Source records
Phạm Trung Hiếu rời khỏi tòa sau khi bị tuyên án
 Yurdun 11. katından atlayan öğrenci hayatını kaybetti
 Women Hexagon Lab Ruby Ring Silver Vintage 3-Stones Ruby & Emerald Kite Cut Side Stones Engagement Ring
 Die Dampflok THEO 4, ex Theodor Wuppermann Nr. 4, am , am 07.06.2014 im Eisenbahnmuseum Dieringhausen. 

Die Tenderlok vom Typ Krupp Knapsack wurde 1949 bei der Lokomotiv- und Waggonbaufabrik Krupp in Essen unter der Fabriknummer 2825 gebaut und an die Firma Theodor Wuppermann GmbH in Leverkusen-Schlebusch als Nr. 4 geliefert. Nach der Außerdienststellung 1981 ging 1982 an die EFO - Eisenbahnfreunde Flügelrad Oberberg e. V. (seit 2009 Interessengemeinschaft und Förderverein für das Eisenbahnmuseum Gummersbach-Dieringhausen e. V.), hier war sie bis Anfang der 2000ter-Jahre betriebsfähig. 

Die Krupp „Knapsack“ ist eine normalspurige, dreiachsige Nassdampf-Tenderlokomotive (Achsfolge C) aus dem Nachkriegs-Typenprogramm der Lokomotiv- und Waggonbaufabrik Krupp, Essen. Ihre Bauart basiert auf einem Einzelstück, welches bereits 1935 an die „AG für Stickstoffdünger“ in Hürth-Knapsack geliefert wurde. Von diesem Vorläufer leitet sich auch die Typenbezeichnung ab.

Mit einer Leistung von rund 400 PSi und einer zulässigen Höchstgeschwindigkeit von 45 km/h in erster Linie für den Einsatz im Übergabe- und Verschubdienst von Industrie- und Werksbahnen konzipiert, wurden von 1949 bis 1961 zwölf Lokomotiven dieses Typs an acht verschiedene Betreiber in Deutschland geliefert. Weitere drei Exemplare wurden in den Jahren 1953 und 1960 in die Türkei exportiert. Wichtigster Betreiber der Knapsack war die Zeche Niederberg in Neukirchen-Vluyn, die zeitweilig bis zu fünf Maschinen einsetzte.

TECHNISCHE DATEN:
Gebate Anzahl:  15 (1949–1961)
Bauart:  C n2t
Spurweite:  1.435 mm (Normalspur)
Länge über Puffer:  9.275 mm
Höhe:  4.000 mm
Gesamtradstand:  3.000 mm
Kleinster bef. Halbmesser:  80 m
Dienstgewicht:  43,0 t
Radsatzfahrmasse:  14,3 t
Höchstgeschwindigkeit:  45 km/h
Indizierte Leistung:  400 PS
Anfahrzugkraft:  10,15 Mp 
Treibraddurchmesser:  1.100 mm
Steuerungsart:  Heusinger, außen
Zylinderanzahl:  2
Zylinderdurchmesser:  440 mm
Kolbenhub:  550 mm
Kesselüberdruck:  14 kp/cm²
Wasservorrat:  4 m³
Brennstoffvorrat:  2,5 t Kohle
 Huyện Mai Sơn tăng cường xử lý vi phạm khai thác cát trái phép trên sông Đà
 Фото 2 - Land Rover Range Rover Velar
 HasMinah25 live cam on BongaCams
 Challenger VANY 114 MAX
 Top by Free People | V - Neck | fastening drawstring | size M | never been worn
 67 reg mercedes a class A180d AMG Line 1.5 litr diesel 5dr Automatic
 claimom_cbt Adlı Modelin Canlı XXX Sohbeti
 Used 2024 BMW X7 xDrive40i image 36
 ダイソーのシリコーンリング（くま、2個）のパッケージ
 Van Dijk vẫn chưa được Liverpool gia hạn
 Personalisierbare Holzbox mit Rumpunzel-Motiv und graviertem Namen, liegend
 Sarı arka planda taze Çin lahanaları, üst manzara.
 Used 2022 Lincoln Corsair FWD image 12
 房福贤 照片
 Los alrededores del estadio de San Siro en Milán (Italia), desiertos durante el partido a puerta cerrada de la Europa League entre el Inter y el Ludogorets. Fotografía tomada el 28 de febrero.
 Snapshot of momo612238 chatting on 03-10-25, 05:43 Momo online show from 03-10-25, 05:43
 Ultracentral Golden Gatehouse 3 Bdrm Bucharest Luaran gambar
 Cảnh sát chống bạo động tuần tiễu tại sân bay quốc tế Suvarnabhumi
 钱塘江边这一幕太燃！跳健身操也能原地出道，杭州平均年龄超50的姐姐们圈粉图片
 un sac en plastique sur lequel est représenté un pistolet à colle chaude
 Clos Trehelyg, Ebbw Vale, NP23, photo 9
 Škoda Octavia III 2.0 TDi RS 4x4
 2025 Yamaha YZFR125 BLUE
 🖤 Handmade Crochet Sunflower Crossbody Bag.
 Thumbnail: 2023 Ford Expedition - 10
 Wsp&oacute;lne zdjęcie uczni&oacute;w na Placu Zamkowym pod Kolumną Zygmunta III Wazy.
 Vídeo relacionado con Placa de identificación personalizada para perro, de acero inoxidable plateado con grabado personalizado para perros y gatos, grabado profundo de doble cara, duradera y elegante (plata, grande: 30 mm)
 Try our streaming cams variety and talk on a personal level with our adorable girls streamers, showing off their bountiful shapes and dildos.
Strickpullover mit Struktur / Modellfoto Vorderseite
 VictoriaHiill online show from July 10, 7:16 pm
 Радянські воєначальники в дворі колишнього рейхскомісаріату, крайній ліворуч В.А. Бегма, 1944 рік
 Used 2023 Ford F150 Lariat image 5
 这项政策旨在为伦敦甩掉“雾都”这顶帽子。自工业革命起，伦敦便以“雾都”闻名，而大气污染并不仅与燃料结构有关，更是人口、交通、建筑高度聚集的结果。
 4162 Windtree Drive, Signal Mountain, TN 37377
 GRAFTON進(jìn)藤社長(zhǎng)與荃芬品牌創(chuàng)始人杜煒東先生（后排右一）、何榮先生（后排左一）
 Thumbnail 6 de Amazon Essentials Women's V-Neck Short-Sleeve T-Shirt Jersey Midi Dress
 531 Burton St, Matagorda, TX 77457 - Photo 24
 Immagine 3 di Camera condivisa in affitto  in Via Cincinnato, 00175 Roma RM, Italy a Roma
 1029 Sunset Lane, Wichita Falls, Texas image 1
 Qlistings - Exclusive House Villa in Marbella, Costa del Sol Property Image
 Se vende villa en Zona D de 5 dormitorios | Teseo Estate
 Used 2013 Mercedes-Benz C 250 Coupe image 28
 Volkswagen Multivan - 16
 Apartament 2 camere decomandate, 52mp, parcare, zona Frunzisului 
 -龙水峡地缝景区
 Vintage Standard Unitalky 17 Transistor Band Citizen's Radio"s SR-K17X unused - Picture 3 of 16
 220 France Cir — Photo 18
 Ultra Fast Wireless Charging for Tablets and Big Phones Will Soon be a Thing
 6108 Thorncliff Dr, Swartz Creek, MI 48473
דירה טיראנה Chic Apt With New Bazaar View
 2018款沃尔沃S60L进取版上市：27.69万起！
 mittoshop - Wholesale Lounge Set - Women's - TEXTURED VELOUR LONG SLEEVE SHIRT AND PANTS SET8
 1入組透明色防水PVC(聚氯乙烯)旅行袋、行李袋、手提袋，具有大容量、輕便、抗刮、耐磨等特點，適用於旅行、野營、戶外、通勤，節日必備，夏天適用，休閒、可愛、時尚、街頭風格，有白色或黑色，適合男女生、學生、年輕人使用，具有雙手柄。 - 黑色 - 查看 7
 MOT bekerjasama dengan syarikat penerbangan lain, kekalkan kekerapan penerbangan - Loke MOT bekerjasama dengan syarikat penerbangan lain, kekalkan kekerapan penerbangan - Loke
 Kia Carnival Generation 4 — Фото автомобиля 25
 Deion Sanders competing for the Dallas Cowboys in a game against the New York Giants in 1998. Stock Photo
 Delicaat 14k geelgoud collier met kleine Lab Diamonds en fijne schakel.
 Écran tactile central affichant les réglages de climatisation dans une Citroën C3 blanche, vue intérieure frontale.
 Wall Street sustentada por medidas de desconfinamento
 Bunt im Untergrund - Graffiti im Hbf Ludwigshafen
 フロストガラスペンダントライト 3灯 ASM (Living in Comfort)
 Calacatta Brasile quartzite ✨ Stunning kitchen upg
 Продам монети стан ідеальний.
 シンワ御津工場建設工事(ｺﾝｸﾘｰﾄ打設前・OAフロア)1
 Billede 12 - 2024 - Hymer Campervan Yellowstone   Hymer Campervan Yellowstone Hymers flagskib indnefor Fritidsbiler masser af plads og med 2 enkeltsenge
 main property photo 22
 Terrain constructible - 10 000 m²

Task:
All that should be written out is the stretch of lines above between the one holding "Apartament 2 camere" and the one holding "- 黑色 - 查看 7", inclusive, exactly as given.

Answer below:
 Apartament 2 camere decomandate, 52mp, parcare, zona Frunzisului 
 -龙水峡地缝景区
 Vintage Standard Unitalky 17 Transistor Band Citizen's Radio"s SR-K17X unused - Picture 3 of 16
 220 France Cir — Photo 18
 Ultra Fast Wireless Charging for Tablets and Big Phones Will Soon be a Thing
 6108 Thorncliff Dr, Swartz Creek, MI 48473
דירה טיראנה Chic Apt With New Bazaar View
 2018款沃尔沃S60L进取版上市：27.69万起！
 mittoshop - Wholesale Lounge Set - Women's - TEXTURED VELOUR LONG SLEEVE SHIRT AND PANTS SET8
 1入組透明色防水PVC(聚氯乙烯)旅行袋、行李袋、手提袋，具有大容量、輕便、抗刮、耐磨等特點，適用於旅行、野營、戶外、通勤，節日必備，夏天適用，休閒、可愛、時尚、街頭風格，有白色或黑色，適合男女生、學生、年輕人使用，具有雙手柄。 - 黑色 - 查看 7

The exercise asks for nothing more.